Vice President Mike Pence said bilateral negotiations with North Korea aren't going to happen as he continued his trip to Asia to put pressure on U.S. allies to join in a more aggressive stance toward Kim Jong Un.
"I think, not at this time," Pence said when asked on CNN about the possibility of direct talks between the two nations. He said getting allies on board with emphasizing that the Korean Peninsula must be free of nuclear weapons is the first priority.
"The president's vision for this is very straightforward," Pence said. "And, that is that we are going to make it clear to the regime in Pyongyang that the days of broken promises and the days of running out the clock on agreements with the wider world are over."
Pence, who visited the Demilitarized Zone between North and South Korea during his trip, said the White House didn't mean to mislead the public when it said the USS Carl Vinson was sailing toward the Korean Peninsula last week when it was not.
The White House told reporters, and President Trump confirmed, that the Vinson was sailing north as a display of force against North Korea.
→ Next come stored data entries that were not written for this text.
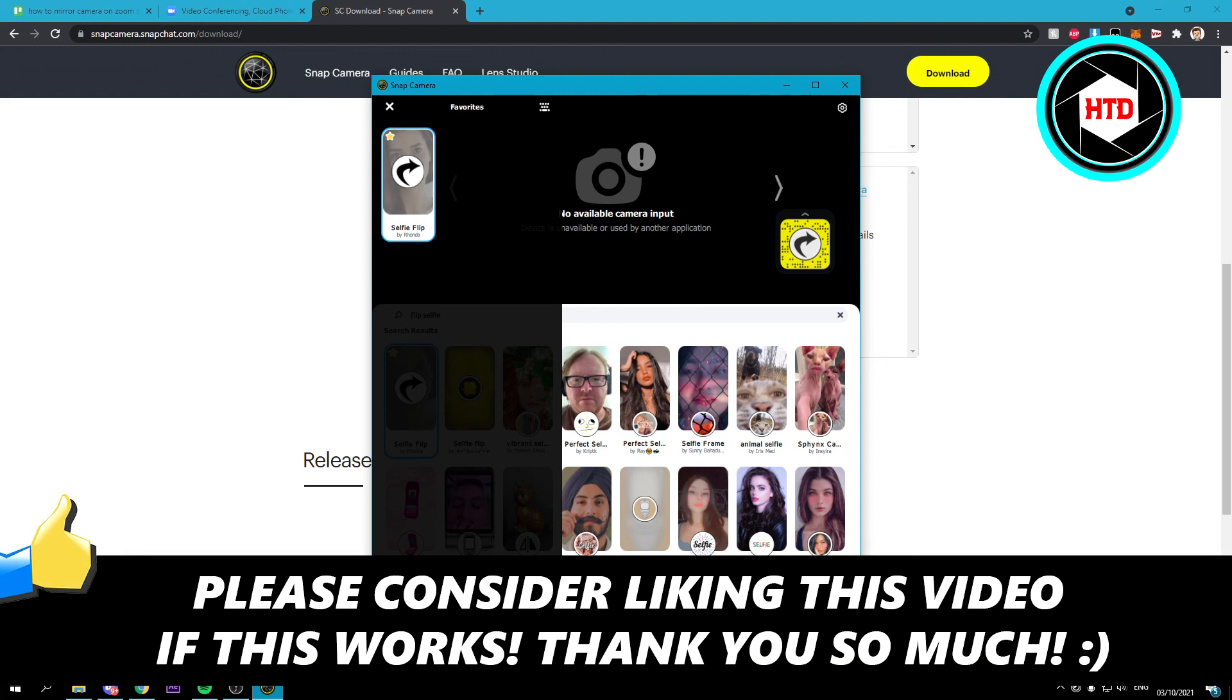I hope this video helped you out. Please leave a like and let me know in the comments if it worked. I'll see you next time. Have a good day.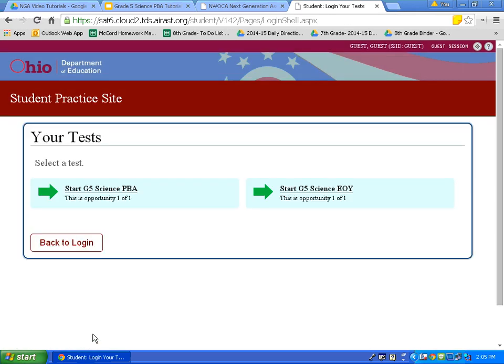On this page, you are going to see all of the different science tests that you are going to be taking this spring. Notice number 1 says Start G5 Science PBA — that stands for Performance-Based Assessment — and that is the first science test you will take this spring. Number 2 says Start G5 Science EOI, or End of Year Test, which you will take later in the spring. For today, we want to practice using the PBA, so let's click on PBA.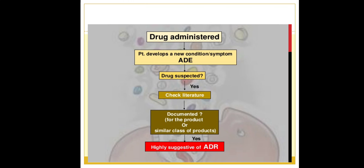When a drug is administered and a patient develops a new condition or symptom, that is an ADE — an adverse drug event. If you know which drug is suspected, check the literature. If that particular event is documented for that product or a similar class of product, then it is no longer just an ADE — it becomes an ADR. This is the basic difference between ADE and ADR.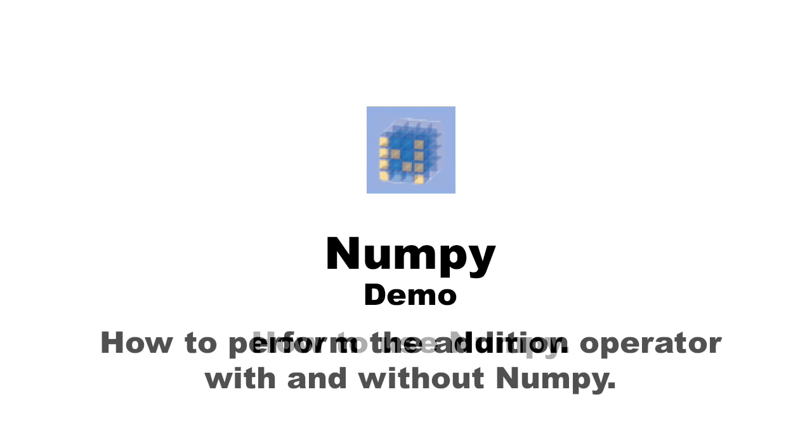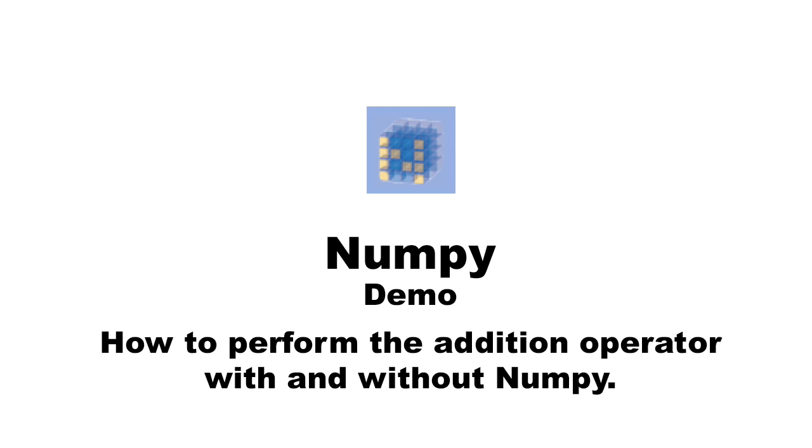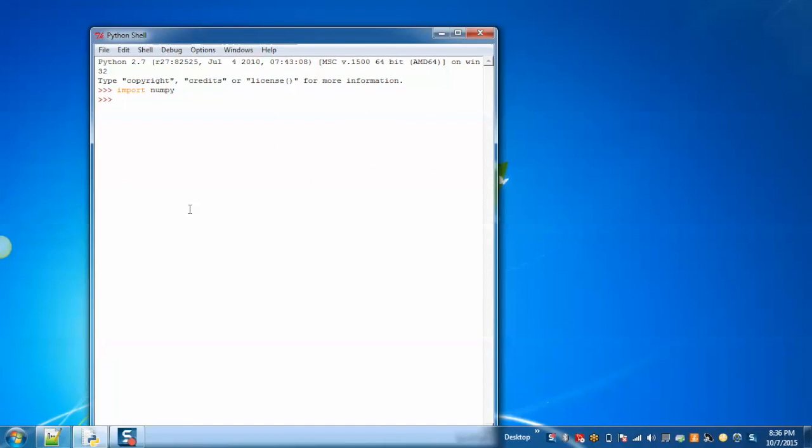Now, in order to explain the purpose of numpy, I'll perform the addition operator on a list using numpy and without using numpy. First, without using numpy.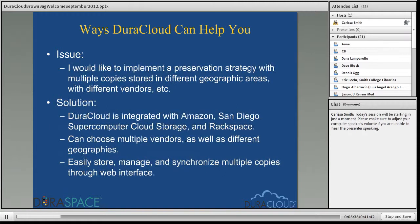Another issue that commonly comes up is the interest or desire in implementing a preservation strategy that checks the box on a lot of preservation best practices, such as having multiple copies stored — specifically in different geographic regions, with different vendors, and under different technical administrations.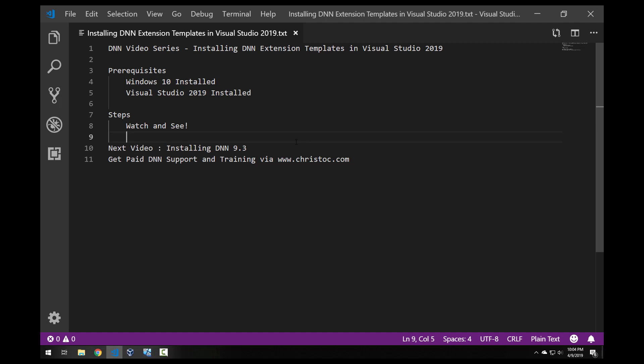Hello, this is Chris Hammond with ChrisDoc.com. Welcome back to my DNN training series. In this video I'm going to show you how to install my DNN extension templates for Visual Studio 2019.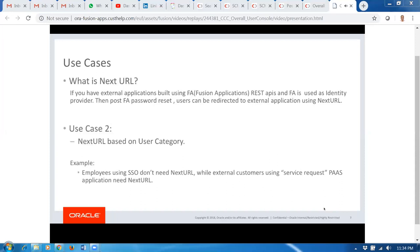We are also introducing a new concept called the Next URL. This is primarily used in cases where you have built a PaaS application, you're using our REST APIs provided in Fusion Applications, and you're using FA as the identity store. The request I've heard from customers and partners is: once they're using PaaS with FA as the identity store, after a password reset event occurs, they want users to be redirected to the PaaS application instead of going back to the login page.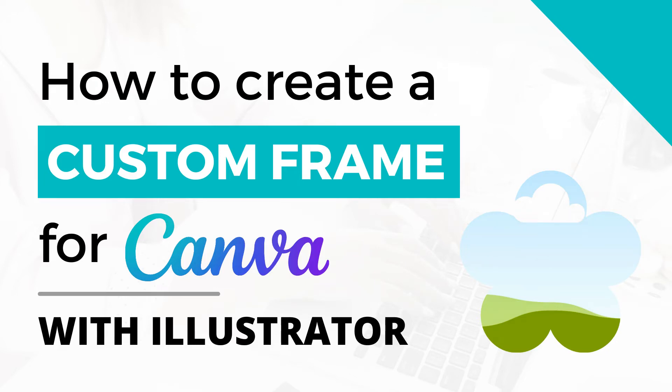Hi, this is Trisha from Lemon Paper Lab. In this video I'm going to show you how to create a custom frame that you can use in Canva. For this, we are also going to use Illustrator to help create our custom frame.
However, the reality was that it sailed south to the South Pacific to take part in a short exercise with the Australian Navy before heading toward North Korea.
Pence said that was an unintentional mistake and the commitment of the U.S. in the region can't be questioned.
"We've got an extraordinary commitment of U.S. forces in this region and the Carl Vinson and that battle group are being deployed to the Sea of Japan and will likely arrive here in the coming weeks," he said.